### Task statement
Leaving out all pictures, restate word for word the lines from the one with "Diosa · Vestido" through the last line of the entries.
----- Records provided
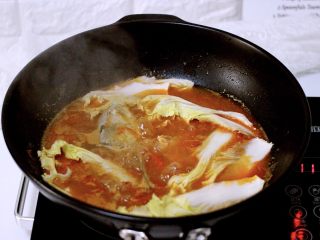 做年货-番茄鱼🐟（陶瓷炒锅版）,打开锅盖加入用手撕成片状的大白菜和洗净的绿豆芽
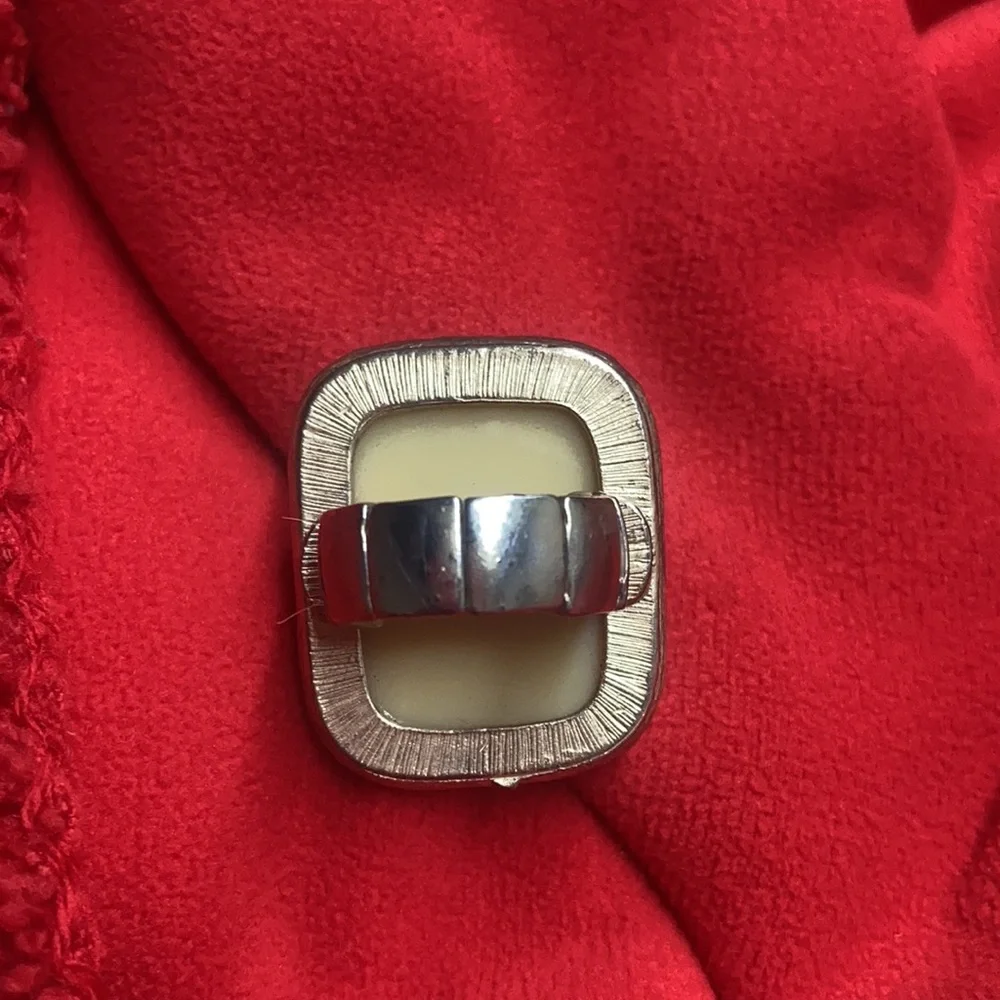 Oversized Ring - Picture 6 of 8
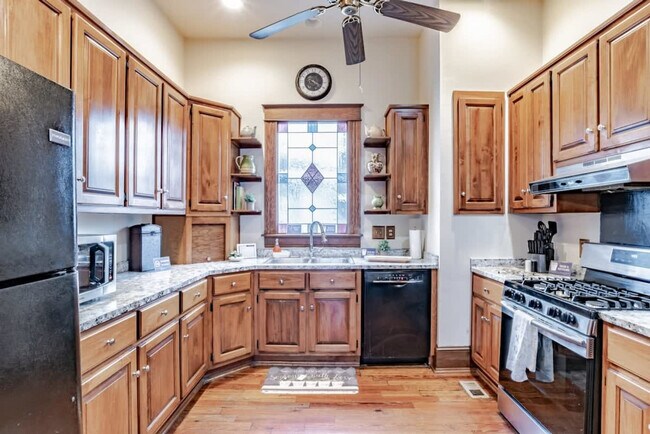 Building Photo - 1754 Hunter Ave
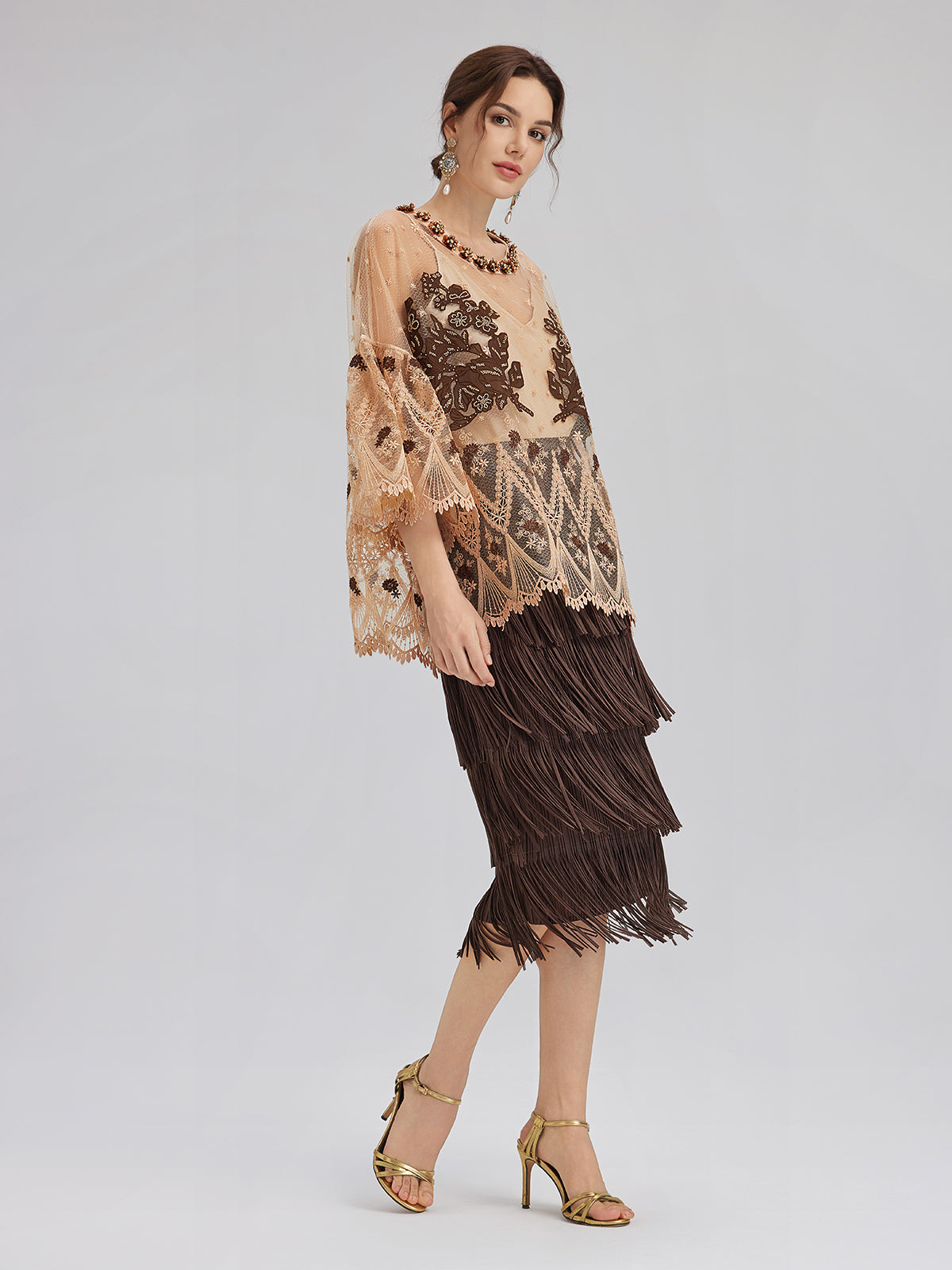 El İşlemesi Pullu Nakışlı Çiçekli Dantel Bluz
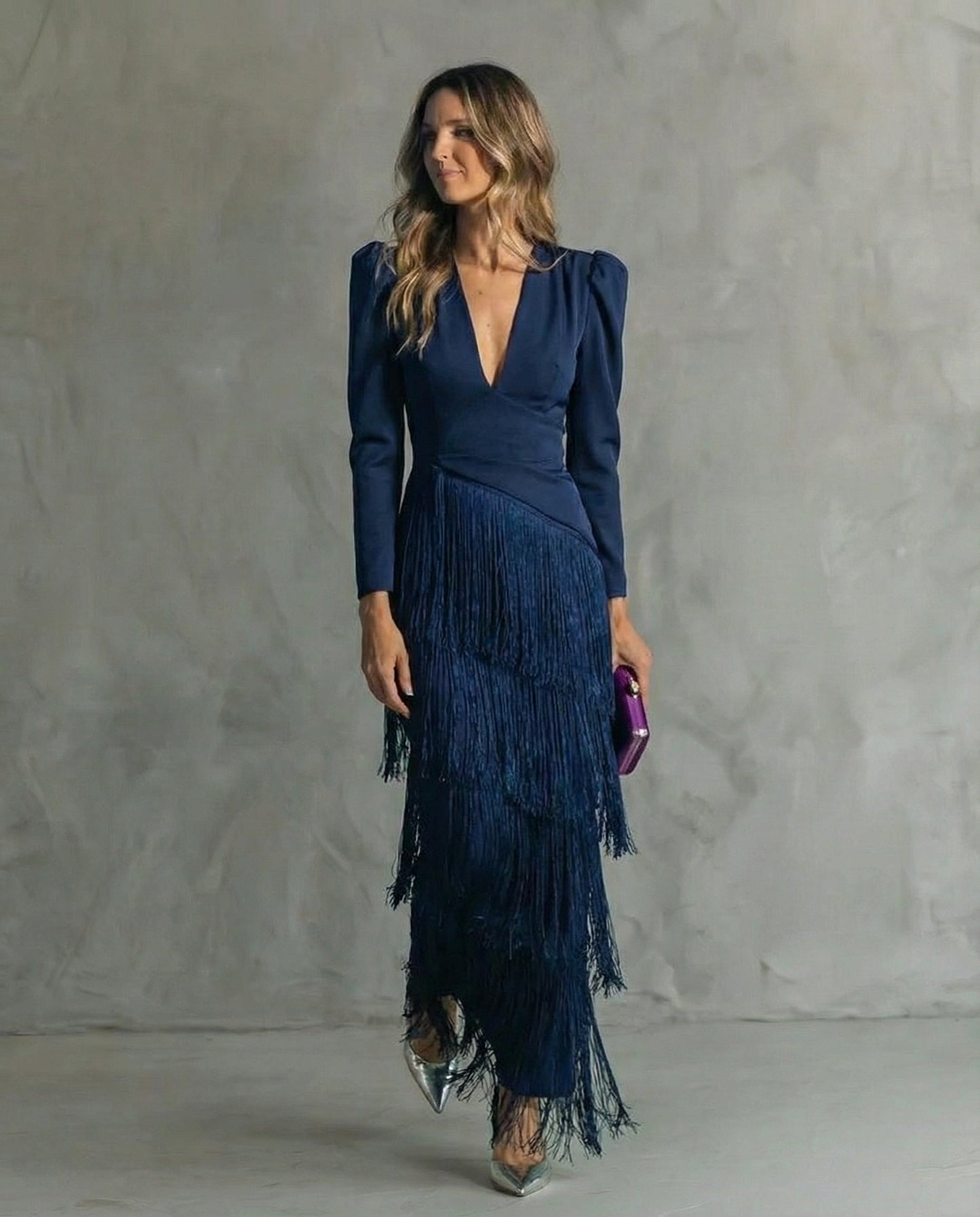 Diosa · Vestido elegante con mangas de flecos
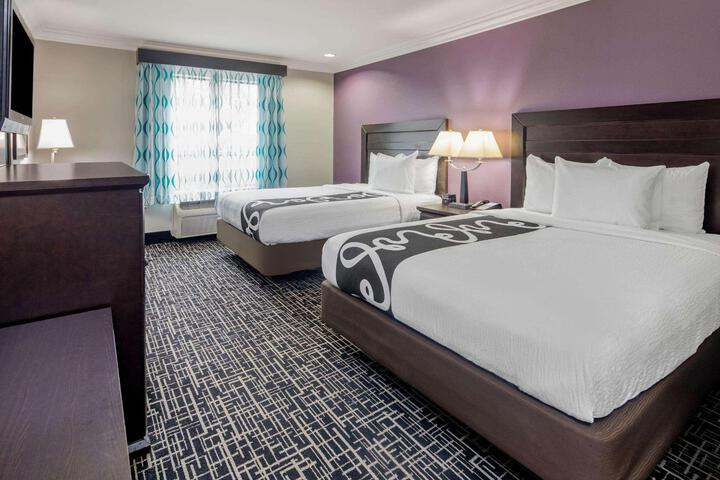 1 King Bed (6 of 13)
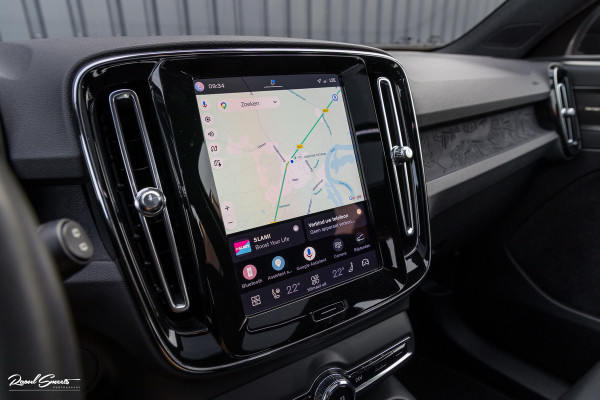 Volvo XC40 Recharge Ultimate 70 kWh | Panorama dak | Harman Kardon | Adaptieve cruise | Memory | Blis |
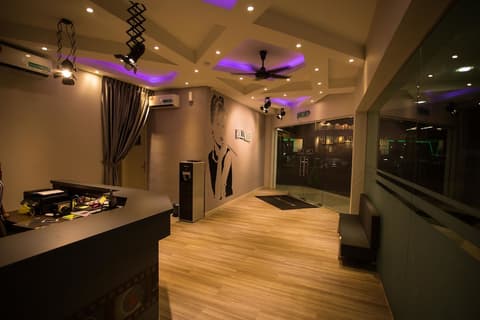 Hollywood Hotel, Lobby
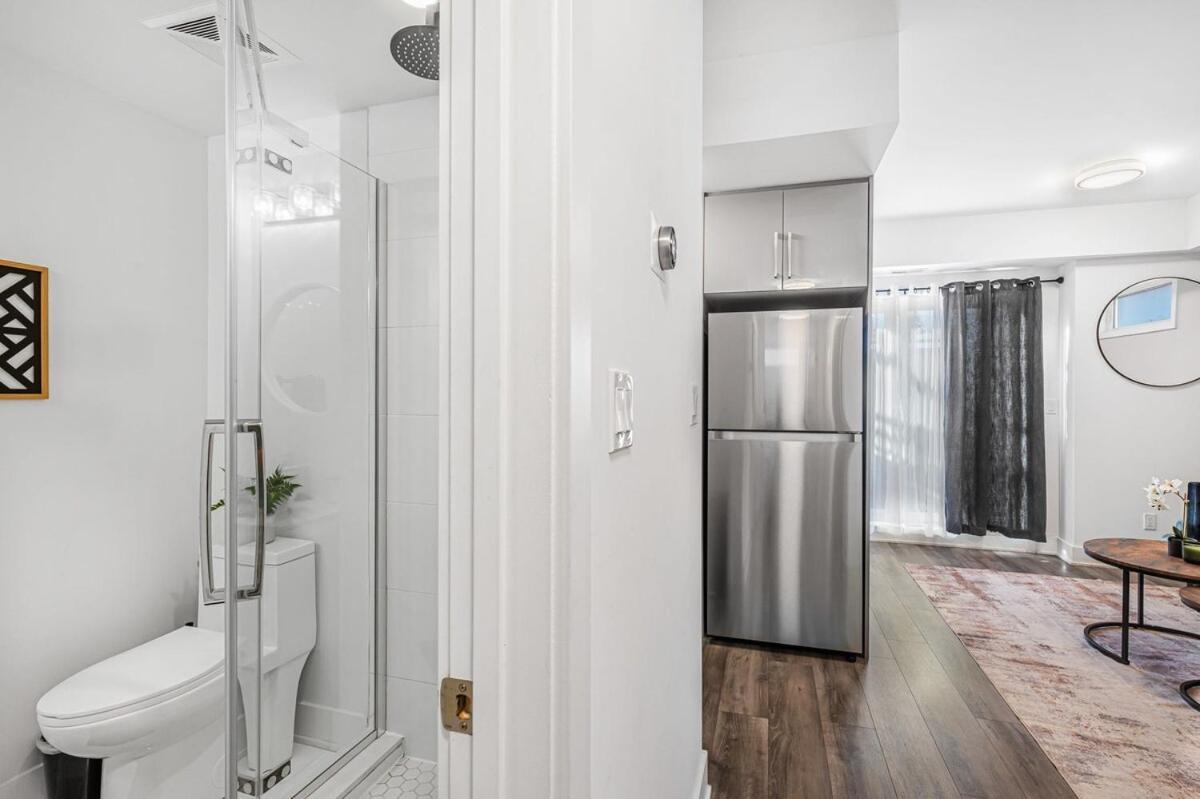 Cozy 2br Family Friendly Retreat With Parking And Just 6 Minutes Away From *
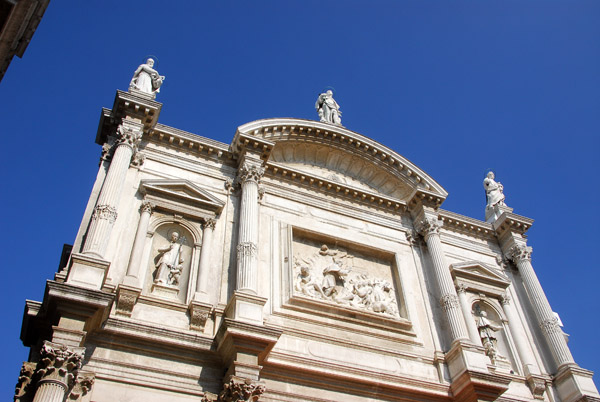 Chiesa di S. Rocco with a faade from 1771, Venice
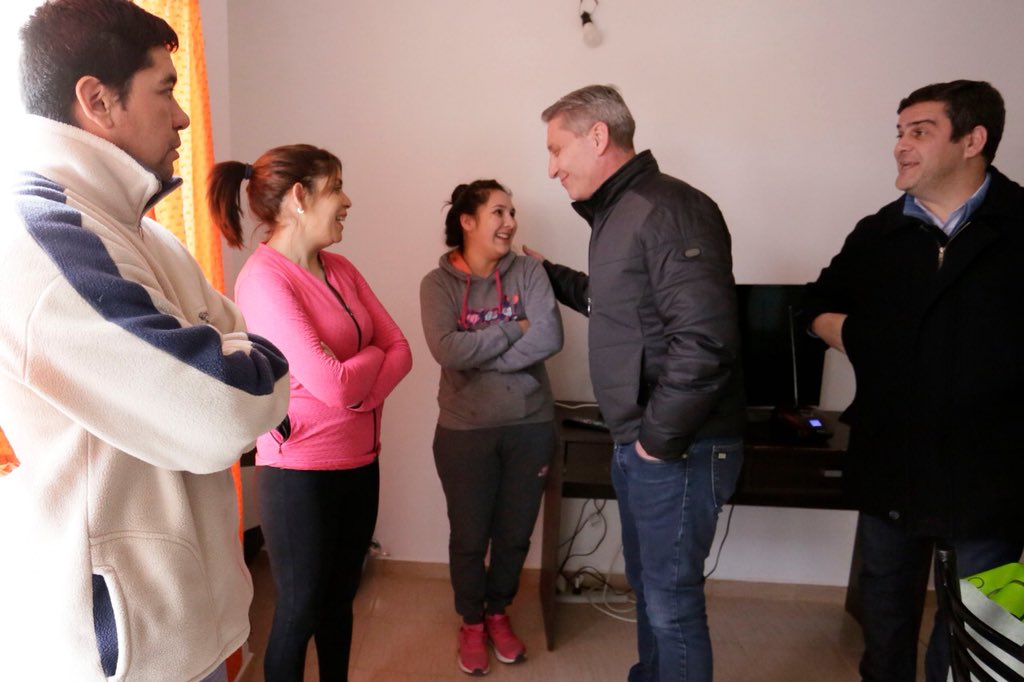 arcionimariano's tweet photo. Hace una semana 12 familias de #Gaiman concretaron el sueño de la casa propia. Hoy visité a Cristina Alcamán, a Yanina Owen y Germán Reyes, personas que son un claro ejemplo del esfuerzo que pone cada chubutense para salir adelante. https://t.co/5itxiYK8bc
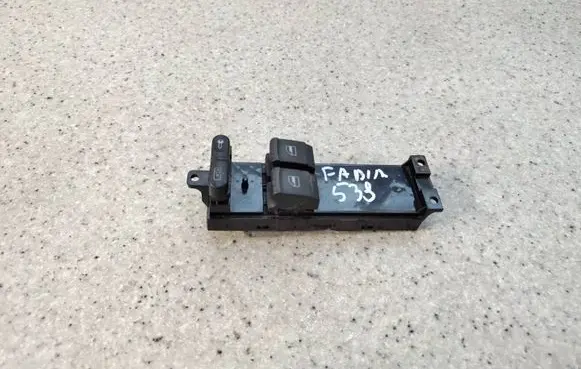 Skoda Fabia Mk1 (6Y) Electric window control switch 1J3959857A33 1J3959857A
----------
### Answer box
 Diosa · Vestido elegante con mangas de flecos
 1 King Bed (6 of 13)
 Volvo XC40 Recharge Ultimate 70 kWh | Panorama dak | Harman Kardon | Adaptieve cruise | Memory | Blis |
 Hollywood Hotel, Lobby
 Cozy 2br Family Friendly Retreat With Parking And Just 6 Minutes Away From *
 Chiesa di S. Rocco with a faade from 1771, Venice
 arcionimariano's tweet photo. Hace una semana 12 familias de #Gaiman concretaron el sueño de la casa propia. Hoy visité a Cristina Alcamán, a Yanina Owen y Germán Reyes, personas que son un claro ejemplo del esfuerzo que pone cada chubutense para salir adelante. https://t.co/5itxiYK8bc
 Skoda Fabia Mk1 (6Y) Electric window control switch 1J3959857A33 1J3959857A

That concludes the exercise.